Tribunal Administratif de VERSAILLES — Décision N° TA78-2207402

jeudi 13 octobre 2022

JuridictionTribunal Administratif de VERSAILLES
SectionTribunal Administratif de VERSAILLES
N° DossierTA78-2207402
TypeDécision
RecoursExcès de pouvoir
Avocat requérantAARPI WTAP AVOCATS

Texte intégral

Vu la procédure suivante :

Par une requête et un mémoire, enregistrés les 30 septembre et 11 octobre 2022,

M. A représenté par Me Taulet, demande au juge des référés :

1°) d'ordonner, sur le fondement des dispositions de l'article L. 521-1 du code de justice administrative, la suspension de l'exécution de l'arrêté du 31 août 2022 par lequel le président de l'université d'Evry-Val-d 'Essonne a prononcé son exclusion temporaire de fonctions avec privation de traitement pour une durée de trois mois, l'exclusion étant assortie d'un sursis d'un mois ;

2°) d'enjoindre au président de l'université d'Evry-Val-d 'Essonne de le réintégrer dans ses fonctions dans un délai de sept jours à compter de la notification de l'ordonnance à intervenir ;

3°) de mettre à la charge de l'Etat la somme de 1 500 euros en application de l'article L. 761-1 du code de justice administrative.

Il soutient que :

- la condition d'urgence prévue par les dispositions de l'article L. 521-1 du code de justice administrative est satisfaite dès lors que son foyer qui compte trois enfants à charge se retrouve sans ressources, son épouse étant sans emploi et ses charges importantes ;

- il existe des moyens propres à créer un doute sérieux quant à la légalité des décisions dont la suspension est demandée ; la commission consultative paritaire s'est réunie illégalement dès lors qu'aucune décision déterminant l'organisation et les modalités de son fonctionnement n'existe ; alors que l'arrêté du 31 octobre 2011 prévoit que les représentants de l'établissement sont nommés dans les quinze jours suivant la proclamation des résultats des élections qui est intervenue le 7 décembre 2018, la composition de la commission n'a été arrêtée que le 19 avril 2022 dans le seul but d'engager une procédure disciplinaire à son encontre ; l'arrêté du 19 avril 2022 désigne des invités permanents au sein de la commission alors que l'arrêté du 31 octobre 2011 ne prévoit pas la possibilité de nommer des invités permanents ; les droits de la défense ont été méconnus dès lors que le dossier consulté par les membres de la commission ne contenait pas ses observations écrites ; en méconnaissance des dispositions de l'article 44 du décret n° 86-83 du 17 janvier 1986 il n'a pas été assisté lors de la séance de la commission malgré ses demandes ; la commission était irrégulièrement composée : M. C ne figure ni au titre des membres présents à la séance de la commission, ni au titre des membres composant la commission alors que ses interventions sont mentionnées au procès-verbal ; des membres présents ont voté alors qu'ils n'avaient pas voix délibérative ; l'arrêté est insuffisamment motivé dès lors qu'aucun fait ni aucun grief n'est évoqué ; les faits qui lui sont reprochés sont vagues et non établis matériellement ; la sanction infligée est hors de proportion au regard des faits reprochés.

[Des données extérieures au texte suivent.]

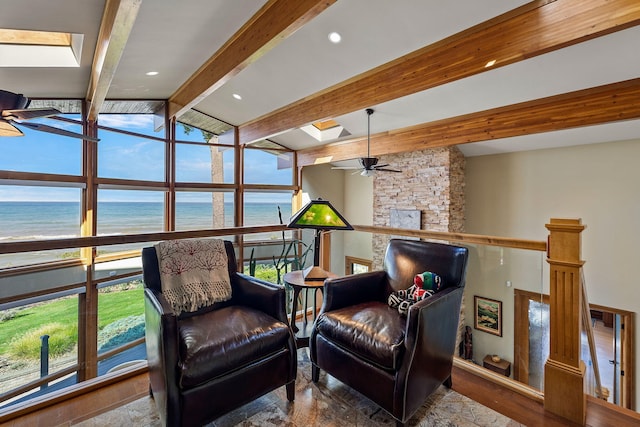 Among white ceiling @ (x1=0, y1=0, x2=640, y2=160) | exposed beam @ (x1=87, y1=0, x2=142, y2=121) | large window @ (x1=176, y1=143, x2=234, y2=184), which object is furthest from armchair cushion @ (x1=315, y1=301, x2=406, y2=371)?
large window @ (x1=176, y1=143, x2=234, y2=184)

Par un mémoire en défense, enregistré le 10 octobre 2022, l'université d'Evry-

Val-d 'Essonne conclut au rejet de la requête.

Elle soutient que l'urgence à suspendre la décision en litige n'est pas établie et qu'il n'y a pas de doute sur la légalité de la décision attaquée.

Vu :

- les autres pièces du dossier ;

- la requête n° 2207401 par laquelle M. A demande l'annulation de la décision attaquée.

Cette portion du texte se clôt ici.